Sunday, January 11, 2009

It's Like the Internet. Only Slower.

Mark Goldston, CEO of NetZero, a vulture and, in the words of Dickipedia, a dick.

NetZero, in case you have forgotten, is a supplier of dial-up Internet service. Goldston's pitch is that the 56 million households in the U.S could save billions of dollars a year by ditching broadband and going back to dial-up.

That compares to the amount of money that people will save if they put on really heavy clothes, heat their homes with wood fires and draw water from a hand-dug well in their back yards.

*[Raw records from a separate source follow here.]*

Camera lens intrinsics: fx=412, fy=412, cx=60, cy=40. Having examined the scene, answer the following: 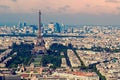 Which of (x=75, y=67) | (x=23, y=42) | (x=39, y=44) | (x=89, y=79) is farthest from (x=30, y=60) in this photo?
(x=23, y=42)

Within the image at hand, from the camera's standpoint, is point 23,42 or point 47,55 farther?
point 23,42

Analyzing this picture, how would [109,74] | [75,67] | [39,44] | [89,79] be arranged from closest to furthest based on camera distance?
[89,79], [109,74], [75,67], [39,44]

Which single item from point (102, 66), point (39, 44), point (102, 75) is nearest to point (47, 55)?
point (39, 44)

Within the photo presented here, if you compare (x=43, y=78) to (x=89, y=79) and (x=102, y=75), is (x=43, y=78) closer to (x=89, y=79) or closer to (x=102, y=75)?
(x=89, y=79)

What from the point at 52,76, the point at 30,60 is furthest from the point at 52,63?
the point at 52,76

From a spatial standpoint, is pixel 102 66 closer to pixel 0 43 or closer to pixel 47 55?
pixel 47 55

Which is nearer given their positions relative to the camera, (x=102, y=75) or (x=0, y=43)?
(x=102, y=75)

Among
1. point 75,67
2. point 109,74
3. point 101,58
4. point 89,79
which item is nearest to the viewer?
point 89,79

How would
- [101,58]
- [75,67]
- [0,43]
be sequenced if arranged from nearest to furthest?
[75,67] → [101,58] → [0,43]

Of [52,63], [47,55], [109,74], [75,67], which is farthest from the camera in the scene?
[47,55] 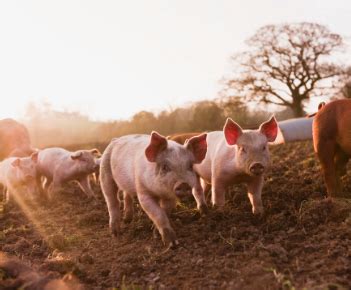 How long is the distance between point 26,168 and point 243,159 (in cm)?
678

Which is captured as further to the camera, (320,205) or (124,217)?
(124,217)

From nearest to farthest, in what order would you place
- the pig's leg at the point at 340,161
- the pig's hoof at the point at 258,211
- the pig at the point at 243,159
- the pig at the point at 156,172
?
the pig at the point at 156,172 → the pig at the point at 243,159 → the pig's hoof at the point at 258,211 → the pig's leg at the point at 340,161

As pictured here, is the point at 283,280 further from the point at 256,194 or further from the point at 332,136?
the point at 332,136

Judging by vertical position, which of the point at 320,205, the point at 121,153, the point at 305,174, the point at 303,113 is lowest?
the point at 303,113

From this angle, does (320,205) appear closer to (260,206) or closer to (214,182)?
(260,206)

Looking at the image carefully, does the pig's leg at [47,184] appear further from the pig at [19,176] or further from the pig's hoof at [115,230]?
the pig's hoof at [115,230]

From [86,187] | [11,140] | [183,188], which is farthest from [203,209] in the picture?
[11,140]

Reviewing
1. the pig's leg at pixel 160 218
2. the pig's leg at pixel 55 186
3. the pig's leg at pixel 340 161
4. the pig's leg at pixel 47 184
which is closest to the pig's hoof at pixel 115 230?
the pig's leg at pixel 160 218

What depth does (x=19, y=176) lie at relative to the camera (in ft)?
34.8

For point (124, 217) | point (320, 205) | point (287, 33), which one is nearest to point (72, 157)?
point (124, 217)

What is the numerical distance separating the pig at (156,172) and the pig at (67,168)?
4.26 meters

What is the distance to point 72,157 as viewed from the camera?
10344 mm

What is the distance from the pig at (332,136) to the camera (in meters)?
6.07

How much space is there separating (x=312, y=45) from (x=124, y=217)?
23382 millimetres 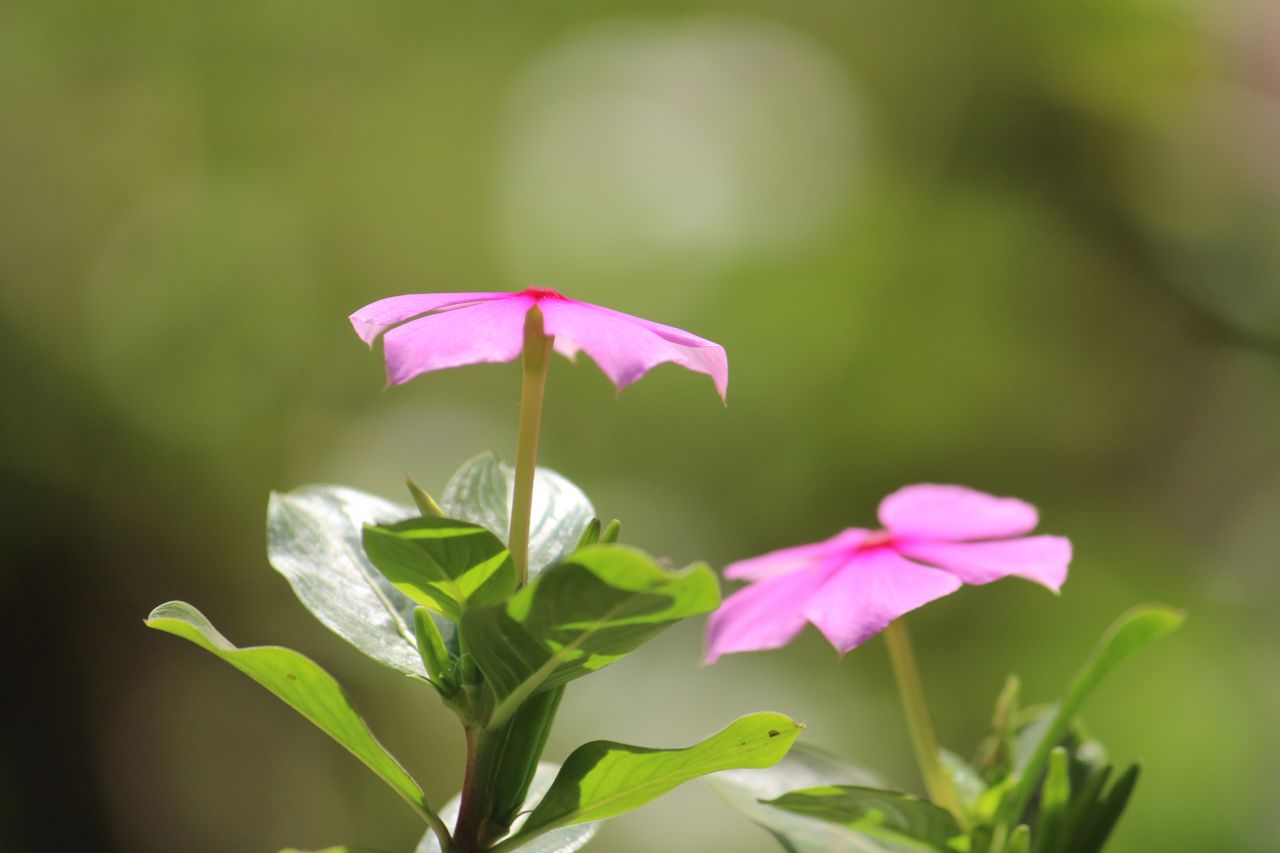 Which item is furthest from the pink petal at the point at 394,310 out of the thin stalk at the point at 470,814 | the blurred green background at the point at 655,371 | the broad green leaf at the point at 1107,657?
the blurred green background at the point at 655,371

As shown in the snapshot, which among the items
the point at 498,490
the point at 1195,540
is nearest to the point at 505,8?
the point at 1195,540

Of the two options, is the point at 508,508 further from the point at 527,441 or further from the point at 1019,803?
the point at 1019,803

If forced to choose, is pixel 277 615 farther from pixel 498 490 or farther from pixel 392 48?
pixel 498 490

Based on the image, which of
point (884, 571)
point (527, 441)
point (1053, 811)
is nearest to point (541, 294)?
point (527, 441)

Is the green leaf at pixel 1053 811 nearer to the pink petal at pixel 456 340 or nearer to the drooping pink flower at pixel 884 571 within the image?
the drooping pink flower at pixel 884 571

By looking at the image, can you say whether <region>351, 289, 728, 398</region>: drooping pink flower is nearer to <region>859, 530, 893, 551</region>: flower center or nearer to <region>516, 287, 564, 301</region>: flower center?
<region>516, 287, 564, 301</region>: flower center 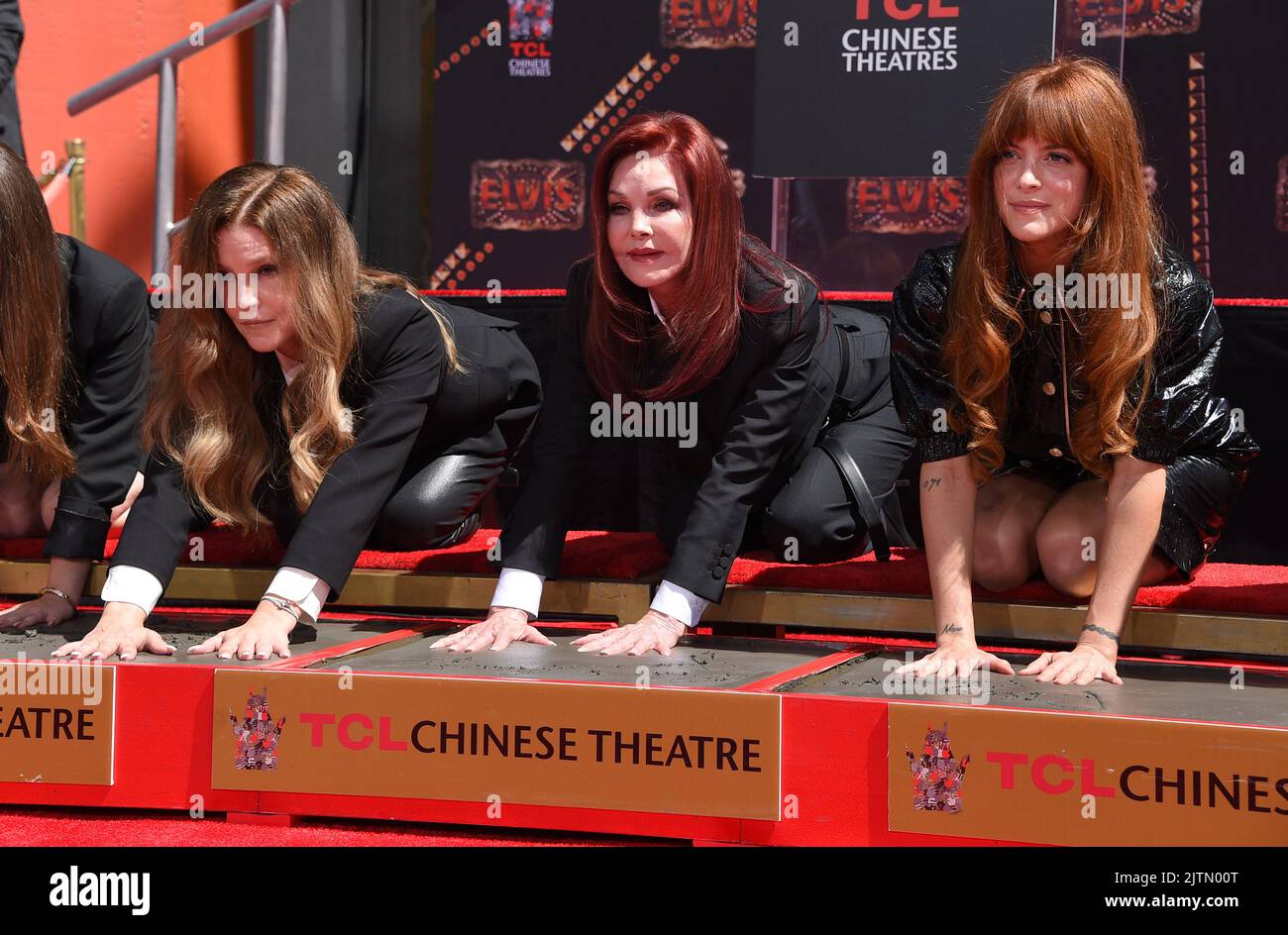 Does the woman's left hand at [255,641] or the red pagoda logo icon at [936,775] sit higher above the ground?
the woman's left hand at [255,641]

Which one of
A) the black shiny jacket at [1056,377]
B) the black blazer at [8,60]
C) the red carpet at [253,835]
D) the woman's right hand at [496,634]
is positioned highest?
the black blazer at [8,60]

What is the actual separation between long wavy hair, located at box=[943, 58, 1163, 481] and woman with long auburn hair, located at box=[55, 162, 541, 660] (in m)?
0.92

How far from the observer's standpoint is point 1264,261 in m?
3.81

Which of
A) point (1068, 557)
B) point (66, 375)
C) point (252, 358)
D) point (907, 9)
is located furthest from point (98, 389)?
point (907, 9)

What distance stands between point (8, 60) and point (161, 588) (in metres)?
1.77

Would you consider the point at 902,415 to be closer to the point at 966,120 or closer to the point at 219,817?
the point at 219,817

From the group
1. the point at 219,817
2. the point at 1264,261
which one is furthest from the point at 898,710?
the point at 1264,261

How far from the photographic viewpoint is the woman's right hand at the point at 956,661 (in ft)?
6.23

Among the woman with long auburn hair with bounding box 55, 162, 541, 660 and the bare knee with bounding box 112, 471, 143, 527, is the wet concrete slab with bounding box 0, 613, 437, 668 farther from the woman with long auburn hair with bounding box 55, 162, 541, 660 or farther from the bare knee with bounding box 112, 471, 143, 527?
the bare knee with bounding box 112, 471, 143, 527

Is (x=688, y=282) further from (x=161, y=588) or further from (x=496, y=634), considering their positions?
(x=161, y=588)

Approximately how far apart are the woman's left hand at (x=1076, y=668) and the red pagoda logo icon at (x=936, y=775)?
9.8 inches

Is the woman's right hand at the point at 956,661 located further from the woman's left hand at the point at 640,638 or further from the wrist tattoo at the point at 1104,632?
the woman's left hand at the point at 640,638

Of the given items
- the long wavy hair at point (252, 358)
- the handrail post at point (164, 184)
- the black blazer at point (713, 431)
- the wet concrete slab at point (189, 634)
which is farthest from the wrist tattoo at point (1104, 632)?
the handrail post at point (164, 184)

More and more websites are video and image heavy. If you try to view those with dial-up, you have to click on the link to the website and then go pour yourself a drink while the web page loads. If you want to watch any video on YouTube or anywhere else, you'll have to get a video downloader (like UltraGet) and then a video player like FLV Player. You paste the video URL into the window in UltraGet and then go have a snack while the video slowly downloads.

Remember, you've got a 56Kb/s modem, maybe. If, for example, you want to download the "Mom's Day William Tell" video:

that's about 7,750Kb. At the fastest possible speed, that's a bit over seven minutes. Most 56K modems tend to connect a tad bit slower, so you may have time to cook dinner while that one video is downloading.

The "Rick Roll" video is 8.3Mb, which will take you nearly 8 minutes to download. The "Passport to Pluto" documentary that I mentioned over at my home blog will take over 37 minutes to download.

Those numbers assume that you do not try to open another browser window while the download is going on. They assume that your youngest kid doesn't pick up an extension and start whistling into it.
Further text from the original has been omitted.